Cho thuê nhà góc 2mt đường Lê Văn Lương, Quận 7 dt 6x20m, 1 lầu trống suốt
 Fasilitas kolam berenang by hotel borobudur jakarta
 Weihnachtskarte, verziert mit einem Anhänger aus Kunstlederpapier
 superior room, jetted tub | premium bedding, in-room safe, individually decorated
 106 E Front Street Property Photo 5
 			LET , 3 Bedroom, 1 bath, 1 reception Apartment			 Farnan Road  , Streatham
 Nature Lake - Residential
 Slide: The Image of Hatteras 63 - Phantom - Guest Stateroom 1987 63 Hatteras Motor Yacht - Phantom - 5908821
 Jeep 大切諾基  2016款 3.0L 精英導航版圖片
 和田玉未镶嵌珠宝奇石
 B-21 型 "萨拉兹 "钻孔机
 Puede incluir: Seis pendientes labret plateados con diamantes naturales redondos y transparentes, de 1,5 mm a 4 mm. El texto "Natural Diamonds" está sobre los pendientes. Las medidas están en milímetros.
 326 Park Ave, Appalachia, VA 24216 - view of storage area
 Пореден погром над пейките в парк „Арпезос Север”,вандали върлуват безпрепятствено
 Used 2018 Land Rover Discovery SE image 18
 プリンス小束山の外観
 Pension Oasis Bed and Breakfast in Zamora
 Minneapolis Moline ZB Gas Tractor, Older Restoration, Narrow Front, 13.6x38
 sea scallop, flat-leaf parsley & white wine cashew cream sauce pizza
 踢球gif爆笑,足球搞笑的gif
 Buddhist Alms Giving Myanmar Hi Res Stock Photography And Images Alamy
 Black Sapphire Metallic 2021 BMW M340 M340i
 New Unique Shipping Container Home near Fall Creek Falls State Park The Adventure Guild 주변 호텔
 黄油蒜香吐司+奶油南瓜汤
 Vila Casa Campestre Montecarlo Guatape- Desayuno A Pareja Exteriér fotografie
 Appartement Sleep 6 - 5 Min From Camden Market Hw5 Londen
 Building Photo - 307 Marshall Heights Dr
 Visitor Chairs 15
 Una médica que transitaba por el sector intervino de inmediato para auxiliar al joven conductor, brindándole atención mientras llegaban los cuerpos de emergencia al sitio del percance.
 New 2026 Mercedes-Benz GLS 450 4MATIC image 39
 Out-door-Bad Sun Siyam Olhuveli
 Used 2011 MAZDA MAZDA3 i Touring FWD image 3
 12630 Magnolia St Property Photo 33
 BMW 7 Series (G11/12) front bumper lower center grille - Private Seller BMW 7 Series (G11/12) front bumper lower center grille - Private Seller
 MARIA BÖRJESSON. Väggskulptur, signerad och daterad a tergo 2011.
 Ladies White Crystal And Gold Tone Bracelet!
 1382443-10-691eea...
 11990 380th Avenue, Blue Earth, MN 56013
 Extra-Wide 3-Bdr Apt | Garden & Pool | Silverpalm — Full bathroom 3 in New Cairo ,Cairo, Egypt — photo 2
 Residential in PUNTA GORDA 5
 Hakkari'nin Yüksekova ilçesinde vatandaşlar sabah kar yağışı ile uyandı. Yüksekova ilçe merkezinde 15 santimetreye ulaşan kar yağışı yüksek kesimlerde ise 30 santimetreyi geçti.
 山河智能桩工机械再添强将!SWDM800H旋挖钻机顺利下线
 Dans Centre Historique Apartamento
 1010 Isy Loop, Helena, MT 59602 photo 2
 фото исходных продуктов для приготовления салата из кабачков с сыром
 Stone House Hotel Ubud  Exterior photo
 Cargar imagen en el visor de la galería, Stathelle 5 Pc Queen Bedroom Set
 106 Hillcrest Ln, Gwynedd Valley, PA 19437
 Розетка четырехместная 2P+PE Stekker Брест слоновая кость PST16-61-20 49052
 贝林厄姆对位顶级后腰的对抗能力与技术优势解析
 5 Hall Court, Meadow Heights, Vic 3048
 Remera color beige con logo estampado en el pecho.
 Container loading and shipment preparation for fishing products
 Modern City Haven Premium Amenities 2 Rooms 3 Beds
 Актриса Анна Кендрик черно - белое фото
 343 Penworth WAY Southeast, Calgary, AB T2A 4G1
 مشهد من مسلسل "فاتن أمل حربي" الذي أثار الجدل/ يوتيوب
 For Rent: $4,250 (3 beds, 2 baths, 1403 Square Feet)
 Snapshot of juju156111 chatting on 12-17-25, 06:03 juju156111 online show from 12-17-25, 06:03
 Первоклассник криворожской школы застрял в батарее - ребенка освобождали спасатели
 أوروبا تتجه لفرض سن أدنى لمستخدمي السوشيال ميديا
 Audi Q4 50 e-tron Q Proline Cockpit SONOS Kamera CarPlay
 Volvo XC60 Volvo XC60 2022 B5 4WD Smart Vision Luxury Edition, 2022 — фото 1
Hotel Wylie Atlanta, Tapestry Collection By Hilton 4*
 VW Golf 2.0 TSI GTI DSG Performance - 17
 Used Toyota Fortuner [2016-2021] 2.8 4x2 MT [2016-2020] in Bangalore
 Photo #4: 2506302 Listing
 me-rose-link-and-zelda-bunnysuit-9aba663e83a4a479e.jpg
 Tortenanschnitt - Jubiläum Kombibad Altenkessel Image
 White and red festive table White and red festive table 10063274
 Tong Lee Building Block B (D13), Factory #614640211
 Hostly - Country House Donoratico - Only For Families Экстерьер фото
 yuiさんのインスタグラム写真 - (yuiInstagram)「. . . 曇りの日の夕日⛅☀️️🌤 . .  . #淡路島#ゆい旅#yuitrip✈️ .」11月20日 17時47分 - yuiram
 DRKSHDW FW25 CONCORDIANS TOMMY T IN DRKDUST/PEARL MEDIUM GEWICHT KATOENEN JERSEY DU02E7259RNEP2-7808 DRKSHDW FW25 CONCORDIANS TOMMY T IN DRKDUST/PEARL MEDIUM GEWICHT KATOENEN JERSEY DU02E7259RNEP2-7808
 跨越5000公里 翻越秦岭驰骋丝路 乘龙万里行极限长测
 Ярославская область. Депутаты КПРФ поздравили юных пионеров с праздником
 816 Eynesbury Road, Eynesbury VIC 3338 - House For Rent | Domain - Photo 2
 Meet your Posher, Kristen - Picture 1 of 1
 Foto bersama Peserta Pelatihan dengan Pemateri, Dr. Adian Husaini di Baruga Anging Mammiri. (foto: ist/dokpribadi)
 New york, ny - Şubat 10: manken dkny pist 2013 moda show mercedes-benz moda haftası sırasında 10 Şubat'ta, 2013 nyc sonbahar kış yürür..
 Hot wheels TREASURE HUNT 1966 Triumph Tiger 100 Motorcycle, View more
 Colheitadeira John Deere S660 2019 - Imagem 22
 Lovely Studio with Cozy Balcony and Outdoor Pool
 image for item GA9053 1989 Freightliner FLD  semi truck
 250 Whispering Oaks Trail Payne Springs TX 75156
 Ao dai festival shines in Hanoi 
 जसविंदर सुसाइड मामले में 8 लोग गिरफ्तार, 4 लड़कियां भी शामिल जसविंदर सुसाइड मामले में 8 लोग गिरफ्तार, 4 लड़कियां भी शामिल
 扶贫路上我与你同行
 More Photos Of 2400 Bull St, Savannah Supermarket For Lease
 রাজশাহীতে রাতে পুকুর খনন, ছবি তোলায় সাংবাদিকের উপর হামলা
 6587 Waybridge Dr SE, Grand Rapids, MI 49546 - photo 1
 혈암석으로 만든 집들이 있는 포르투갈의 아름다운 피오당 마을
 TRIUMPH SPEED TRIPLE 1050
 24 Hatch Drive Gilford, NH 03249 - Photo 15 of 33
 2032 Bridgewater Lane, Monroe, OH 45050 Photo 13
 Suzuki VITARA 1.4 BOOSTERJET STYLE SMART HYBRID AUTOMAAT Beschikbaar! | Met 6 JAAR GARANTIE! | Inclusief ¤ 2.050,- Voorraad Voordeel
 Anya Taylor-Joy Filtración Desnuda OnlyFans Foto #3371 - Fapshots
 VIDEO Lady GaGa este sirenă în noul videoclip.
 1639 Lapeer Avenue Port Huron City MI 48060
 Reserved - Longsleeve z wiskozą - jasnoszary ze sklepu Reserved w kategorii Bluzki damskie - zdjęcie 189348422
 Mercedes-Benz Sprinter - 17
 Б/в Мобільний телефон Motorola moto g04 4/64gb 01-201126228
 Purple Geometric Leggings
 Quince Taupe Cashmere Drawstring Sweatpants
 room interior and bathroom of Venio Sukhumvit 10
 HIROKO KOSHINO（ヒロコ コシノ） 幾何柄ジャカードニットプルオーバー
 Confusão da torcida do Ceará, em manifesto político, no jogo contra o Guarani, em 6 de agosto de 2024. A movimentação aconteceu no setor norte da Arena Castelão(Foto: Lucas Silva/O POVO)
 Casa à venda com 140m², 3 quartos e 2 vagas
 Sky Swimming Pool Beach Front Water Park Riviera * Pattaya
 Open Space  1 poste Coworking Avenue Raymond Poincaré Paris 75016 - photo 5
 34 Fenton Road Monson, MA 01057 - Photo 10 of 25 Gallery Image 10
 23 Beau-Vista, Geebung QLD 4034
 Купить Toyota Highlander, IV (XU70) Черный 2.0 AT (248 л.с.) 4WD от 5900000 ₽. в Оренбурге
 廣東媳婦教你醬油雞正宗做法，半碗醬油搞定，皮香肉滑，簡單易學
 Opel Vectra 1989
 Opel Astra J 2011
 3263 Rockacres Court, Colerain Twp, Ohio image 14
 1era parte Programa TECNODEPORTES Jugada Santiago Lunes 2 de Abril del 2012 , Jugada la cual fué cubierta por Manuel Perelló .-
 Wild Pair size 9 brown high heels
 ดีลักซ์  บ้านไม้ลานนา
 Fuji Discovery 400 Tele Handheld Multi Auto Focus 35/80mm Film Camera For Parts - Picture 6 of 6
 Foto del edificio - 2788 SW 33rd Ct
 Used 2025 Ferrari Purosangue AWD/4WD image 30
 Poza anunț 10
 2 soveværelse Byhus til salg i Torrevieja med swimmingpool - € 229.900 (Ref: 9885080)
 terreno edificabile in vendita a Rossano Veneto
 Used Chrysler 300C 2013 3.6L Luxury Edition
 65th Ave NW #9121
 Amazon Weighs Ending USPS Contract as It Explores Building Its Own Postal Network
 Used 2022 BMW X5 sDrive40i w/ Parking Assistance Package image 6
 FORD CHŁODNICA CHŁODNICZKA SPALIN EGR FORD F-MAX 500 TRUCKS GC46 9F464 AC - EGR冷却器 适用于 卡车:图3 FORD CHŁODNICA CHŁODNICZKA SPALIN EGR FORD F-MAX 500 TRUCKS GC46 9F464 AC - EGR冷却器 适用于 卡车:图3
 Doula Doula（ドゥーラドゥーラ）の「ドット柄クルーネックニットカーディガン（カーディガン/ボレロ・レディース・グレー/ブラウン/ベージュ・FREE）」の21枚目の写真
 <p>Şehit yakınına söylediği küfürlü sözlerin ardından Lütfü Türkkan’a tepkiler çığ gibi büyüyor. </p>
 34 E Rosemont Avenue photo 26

What to produce: Would you retype exactly the lines above, from the line with "Hakkari'nin Yüksekova ilçesinde" to the line with "Remera color beige", with both end lines kept and nothing more?

Output for this task:
 Hakkari'nin Yüksekova ilçesinde vatandaşlar sabah kar yağışı ile uyandı. Yüksekova ilçe merkezinde 15 santimetreye ulaşan kar yağışı yüksek kesimlerde ise 30 santimetreyi geçti.
 山河智能桩工机械再添强将!SWDM800H旋挖钻机顺利下线
 Dans Centre Historique Apartamento
 1010 Isy Loop, Helena, MT 59602 photo 2
 фото исходных продуктов для приготовления салата из кабачков с сыром
 Stone House Hotel Ubud  Exterior photo
 Cargar imagen en el visor de la galería, Stathelle 5 Pc Queen Bedroom Set
 106 Hillcrest Ln, Gwynedd Valley, PA 19437
 Розетка четырехместная 2P+PE Stekker Брест слоновая кость PST16-61-20 49052
 贝林厄姆对位顶级后腰的对抗能力与技术优势解析
 5 Hall Court, Meadow Heights, Vic 3048
 Remera color beige con logo estampado en el pecho.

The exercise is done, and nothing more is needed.